関東よりJターンして早6年目。新天地として選んだこの地を“近畿のおまけ”と自虐的に呼ぶことがあると知った時、反応に困った記憶があります。

 さてこの7月、県民にとって驚くべきニュースが舞い込んできました。旅行専門誌『じゃらん』の宿泊旅行に関する「都道府県魅力度ランキング」で、人気観光地の沖縄県や北海道を抑え、和歌山県が見事「総合満足度」全国1位になったのです!

 別のニュースでは、玄関口である南紀白浜空港の月別搭乗客数が、4月から4ヵ月連続で過去最高を更新しているとか。コロナ禍で今なお地方空港が苦しむ中、増えている空港は異例だそうです。ちなみに空港のある白浜町は、コロナ禍前から全国に先駆け、ワークとバケーションを合わせた新しい働き方を提唱し、“ワーケーションの聖地”と呼ばれているのは、ご存じの人も多いかもしれませんね。

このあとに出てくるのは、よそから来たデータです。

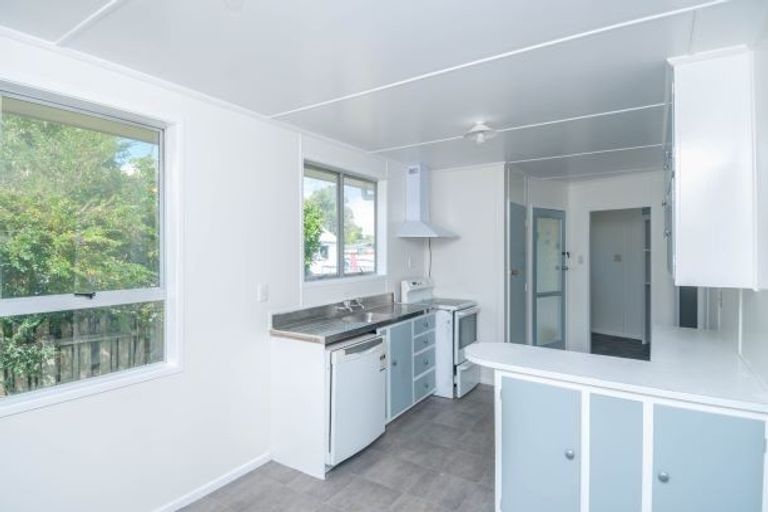 Photo of property in 33 Ida Road, Outer Kaiti, Gisborne, 4010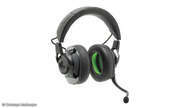 Gaming-Headset
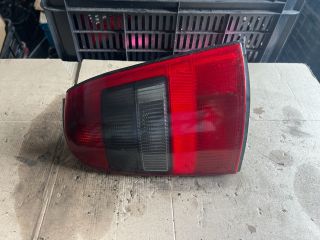 bontott OPEL VECTRA B Jobb Hátsó Lámpa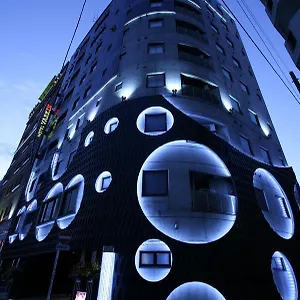 Hotel Varkin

 何が高い評価を得たのでしょう。テーマ別のデータを見ると、おもしろいことが分かります。「地元ならではのおいしい食べ物」「魅力ある特産物、土産物」「魅力的な宿泊施設」「地元の人のホスピタリティ」…実はこれらの項目で、和歌山は1つも上位10番以内に入っていません。

 一方、高評価だったのは、「子供が楽しめるスポットや施設・体験」(3位)、「ご当地ならではの体験・アクティビティが楽しめた」(7位)の2項目のみ。そして、「トータルの満足度」が、昨年1位で今年も全項目が上位にある観光業界の巨星、沖縄県が90・8%に対し、和歌山県は91・0%と昨年の8位から一気に抜き去りました。

 あえて特徴を総括すると、個別の特筆すべきものは決して多くないものの、家族、体験、アクティビティがキーワードで、モノ消費でなくコト消費の満足度が高い県と言えるようです。

 以前、このコーナーで紀美野町の仲間とつくったアウトドア体験を行うグループ「team2020」を紹介しました。紀伊半島の素晴らしい自然の中、子連れを中心に手軽なアクティビティを提供したいとリバートレッキングを開いており、今年は昨年の3倍の人が来てくれました。コト消費を実践する身として、「和歌山の最大の魅力ってやっぱりそこ」を実感しつつ…、“近畿のおまけ”からの逆襲がまさに始まったのです。